Back in high school, or even when I first started college, I would've died to get a girl like her's attention. She's pretty much everything I want in a girl. She's got the look, the style, the attitude. But she's not in school anymore, she lives with her ex, she can't be trusted and she plays with me so damn much. One moment she wants this. And the next she wants something totally opposite. One moment she's saying how she wants to distance herself from me. And the next she's asking if I want to spend the night. Like what is that? And why am I drawn to her so much?

I have a girlfriend who I work with. We're good together. We have everything planned out and we're trying to get that. With Luckey, I feel like its just physical. And a little psychological, since I can't get over it. I do want her. But me and Caitlin are solid. Even if there weren't a me and Caitlin, me and Luckey wouldn't last long. Maybe a two months. But I don't like that she lives with Jaimie, I don't like that she parties all the damn time. I don't like her friends. It would never work. It would just be a mistake. So, why is it a mistake I'm so willing to make?

"Two roads diverged in a yellow wood,
And sorry I could not travel both
And be one traveler, long I stood
And looked down one as far as I could
To where it bent in the undergrowth;"

I have two girls I like. I can see how far things with me and Luckey will go. I can see how things will turn out.

"Then took the other, as just as fair,
And having perhaps the better claim
Because it was grassy and wanted wear,
Though as for that the passing there
Had worn them really about the same,"

But I decided to go with Caitlin, because it was a better choice.

"And both that morning equally lay
In leaves no step had trodden black.
Oh, I marked the first for another day!
Yet knowing how way leads on to way
I doubted if I should ever come back."

I told Luckey that maybe one day, we could try things. But that I'm with Caitlin now. I doubt that I'll ever be with Luckey though.

"I shall be telling this with a sigh
Somewhere ages and ages hence:
Two roads diverged in a wood, and I,
I took the one less traveled by,
And that has made all the difference."

I had two girls I cared about.
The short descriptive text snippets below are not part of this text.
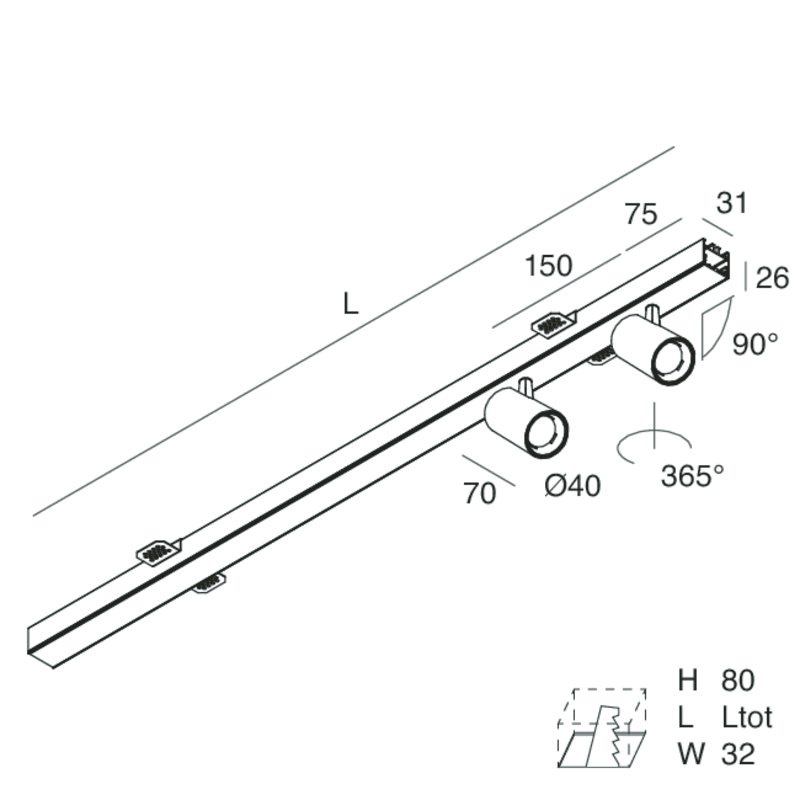 NOVALUX - P-30: PCB INC SPOT 2X6W 4K F40 BI
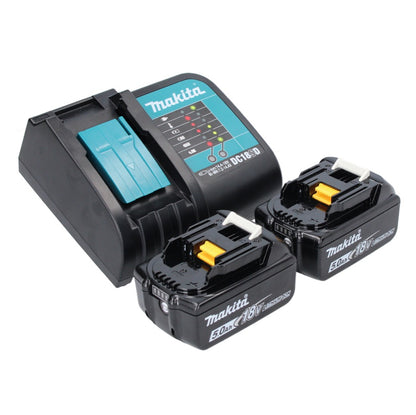 Makita DKP 181 STX rabot pliant 82 mm 18 V sans balais + 2 batteries 5,0 Ah + chargeur + Makbox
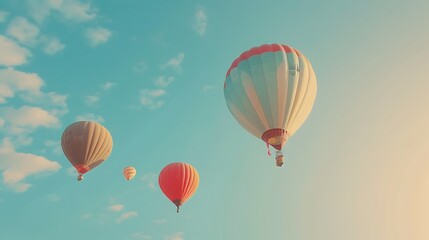 Fototapeta premium Vibrant Hot Air Balloon Soaring Through a Clear Blue Sky on a Beautiful Sunny Day Adventure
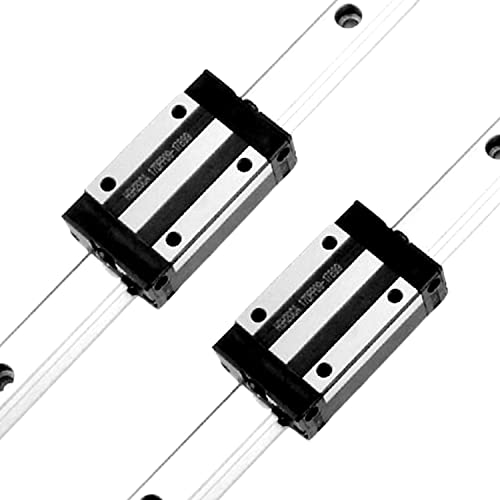 Image of [2 Pack] HGR20 /HGH20 150mm / 5.9inch Linear Sliding Rail Guide with 2 Pcs HGH20CA Linear Bearing Sliding Carriage Block for 3D Printer, CNC Machine and Routers (150mm)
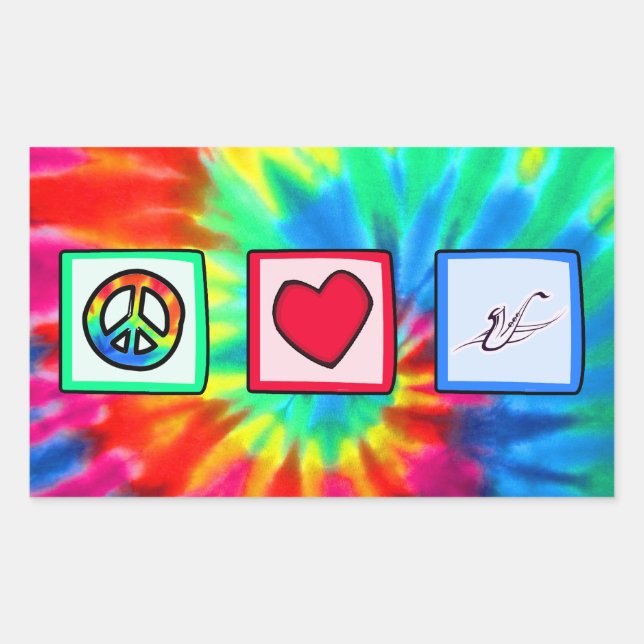 Adesivo Retangular Paz, Amor, Saxofonias (Frente)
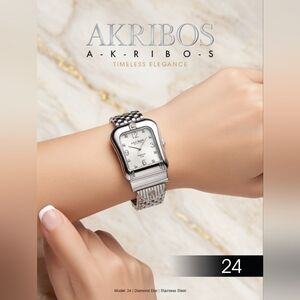 Akribos XXIV Silver Women's Stainless Steel Bracelet Watch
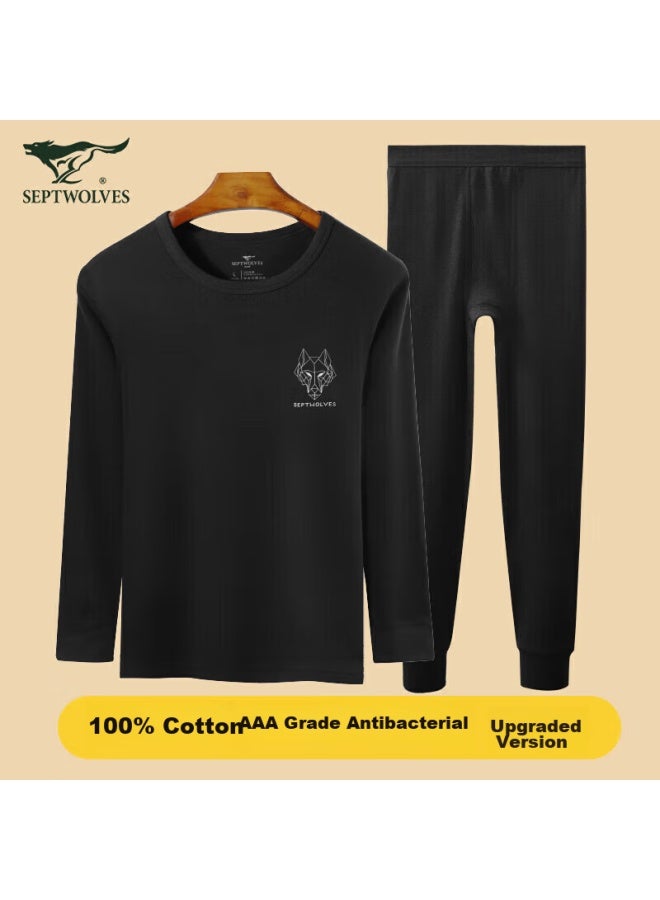 Septwolves Thermal Underwear For Men, Autumn And Winter Cotton Undershirt And Long Johns Set, Round Neck Cotton And Wool Undershirt Set - Image 1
Two choices in which to choose from. Instead of taking the second, which was what I normally would've done. And it would've taken me to the same places I had already visited. I took the one less traveled by, the one I had never tried before. And that made all the difference. It actually worked out.

How can I not find something to write about with this poem? I'm fucking living it!

I need to stop focusing on Luckey so much. I need to just let her drift from my world. Cause her being in it isn't going to do much of anything, but hold us both back. I guess a part of me is just scared that I might regret it... ha, like I'm not heading down that path already. I just need to put it in words: I think that I might get tired of Caitlin one day and want someone like Luckey but it will be too late. And I'm a little afraid that I'm supposed to have a Luckey stage but I skipped it.

Whatever. What's done is done. I don't live in regret. I make decisions and I live with them. I took the road that would make a difference. Caitlin is the most amazing girl I've ever met and Luckey is an inconsiderate dick. There's nothing to have second thoughts about.